◆ **Activity**: Using the line with "S413 干し柿 市田柿 バラふぞろい 3kg(1kg箱×3箱)　12月下旬～発送" as your starting point, transcribe it and each line beneath it word for word until the records run out, without pictures.

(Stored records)
▽
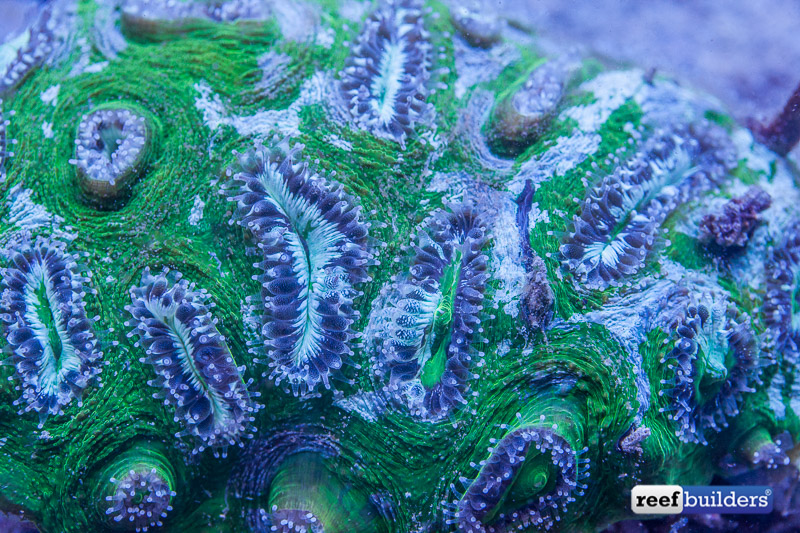 Beginner Tips For LPS Corals, Reef Builders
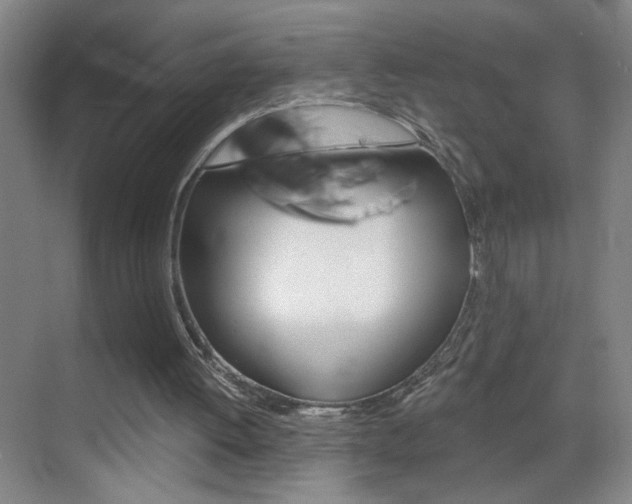 X0000069830052200605190952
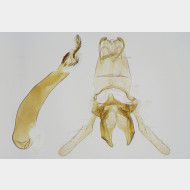 04 Blastodacna atra m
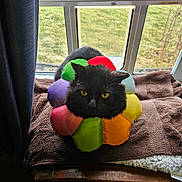 Spade is registered to the contest to win money with this photo: cat, black_cat, yellow_eyes, colorful_collar, flower_shaped_collar, window, towel, indoor, pet, animal, fur, curious, sitting, face, ears, whiskers, looking, brown, green, natural_light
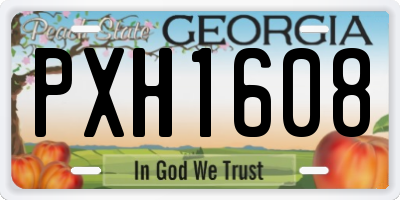 GA license plate PXH1608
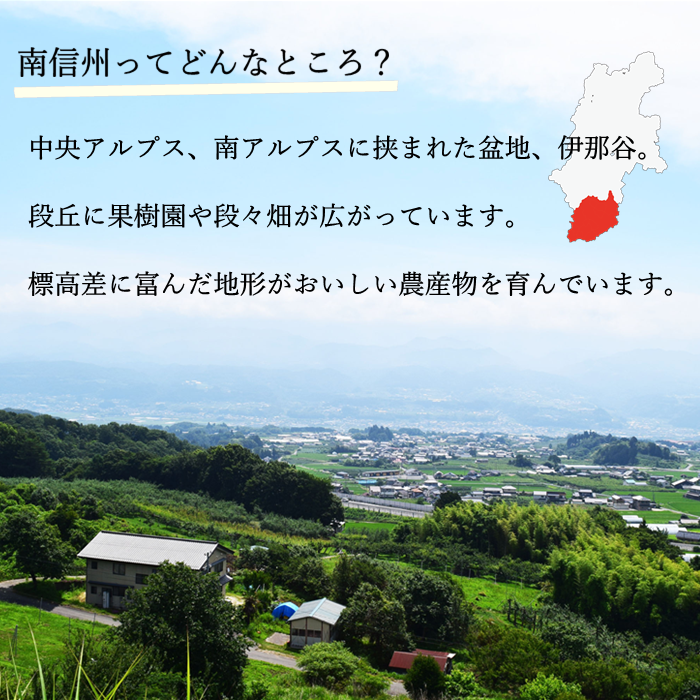 S413 干し柿 市田柿 バラふぞろい 3kg(1kg箱×3箱)　12月下旬～発送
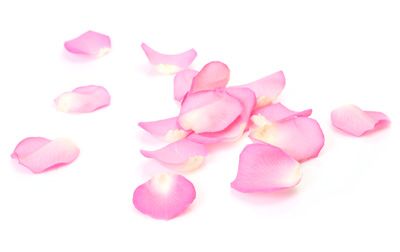 Loose pink rose petals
△
◆ **Problem solution**:
 S413 干し柿 市田柿 バラふぞろい 3kg(1kg箱×3箱)　12月下旬～発送
 Loose pink rose petals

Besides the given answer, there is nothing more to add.